In 2022, if we go by this index, there is a slight downward trend in the purchase of men’s underwear in the US but it is not so severe as to warrant a recession-like situation.
2. First Date Index
Another pattern that has been noticed by the online dating platform Match.com is the trend of more desire to start dating during economic slumps. Whenever there is a significant downward turn in economic growth, more people are active on dating apps and sites and looking for partners.
This trend was first noticed in 2008 when Match.com noticed its busiest quarter in 7 years during the economic slump. Since then, the trend has occurred multiple times during periods of economic slowdown.
The belief here is that when times get tough, people don’t want to be lonely and look for partners to share their woes. Online dating is also much cheaper than offline dating and hence is preferred when the money’s tight.
3. Garbage Indicator
This index has proved 82% accurate over 11 years from 2001 to 2012 for the US economy. Here it was seen that when the economy is slow then the garbage produced by people is also significantly less.
This is based on the principle that during periods of recessions, people tend to use fewer goods and hence, produce less garbage.
4. The R-word Index
You can also predict a recession based on the search trend for recession. The more and more the word appears in news, the more likely it becomes for it to happen.
The idea here is that as the economy slows down, more and more people will look up whether there is a probability of recession to plan their expenses accordingly.
This index was created by ‘The Economists’ and it counts the number of times the word was used in ‘The Washington Post and ‘The New York Times’ per quarter. It has been a hit-and-miss so far.
5. Unclaimed Corpse Indicator
Since funeral costs are a big expenditure in most parts of the world, it has been noticed that when a recession hits, people tend to not claim dead bodies in order to avoid funeral expenses.
When the bodies are unclaimed, the state pays for the funeral costs. While this has proved correct on occasion, it has also been incorrect on many occasions. The trend is largely seen in some states of the US and due to the cultural significance of the dead bodies is not true in many countries.
6. Divorce Rates
There are two theories when it comes to divorce rates and recession. One of them is that as time gets tough due to the financial crunch, more and more people split up.
The other states that since divorces become more expensive during a recession, people postpone it till the economy is better. The patterns however back the second theory.
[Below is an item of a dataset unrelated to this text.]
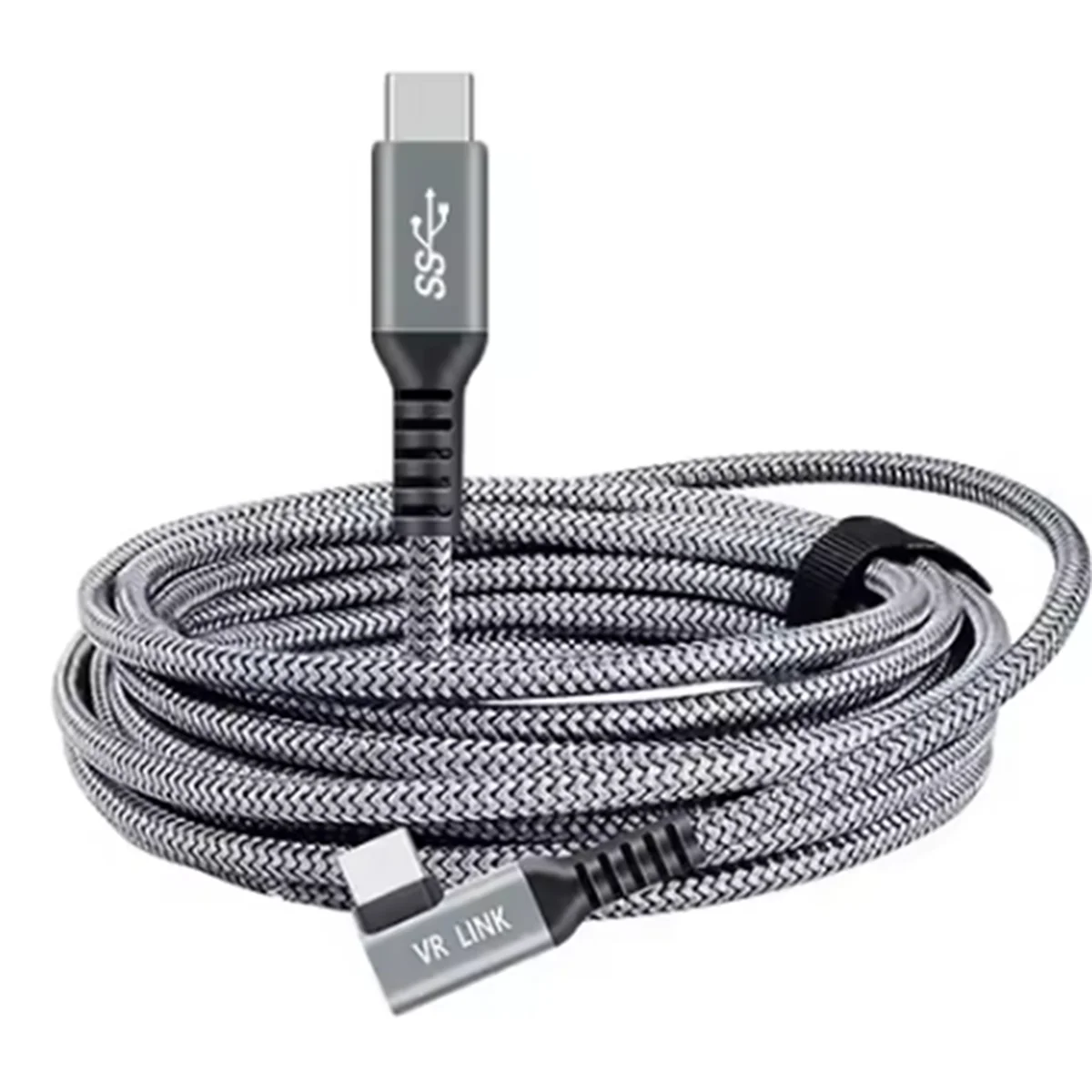 【독점딜】Oculus Quest 2용 USB 3.2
Both the UK and US have noticed a significant drop in the divorce rate during the recession.
7. Hemline Index
This index was first proposed in 1926 and states that as there is a boom in the economy the hemline of women’s skirts gets higher going up to a miniskirt and as the economy slows down, the hemline goes lower to a maxi skirt.
This is a disputed index and many have contradicted this theory. Here is a detailed study of this index with data.
It is important to know that these are not in any way or form accurate ways of predicting a recession but can be used as a study of some interesting consumer behaviors that happen whenever there is a fear of recession in the economy.
The key thing here is that all of these unorthodox indexes have largely been noticed in the US and a few European countries. Due to the large cultural differences, such indexes rarely hold in countries like India. But anything that financially affects the US, will also affect the global economy eventually.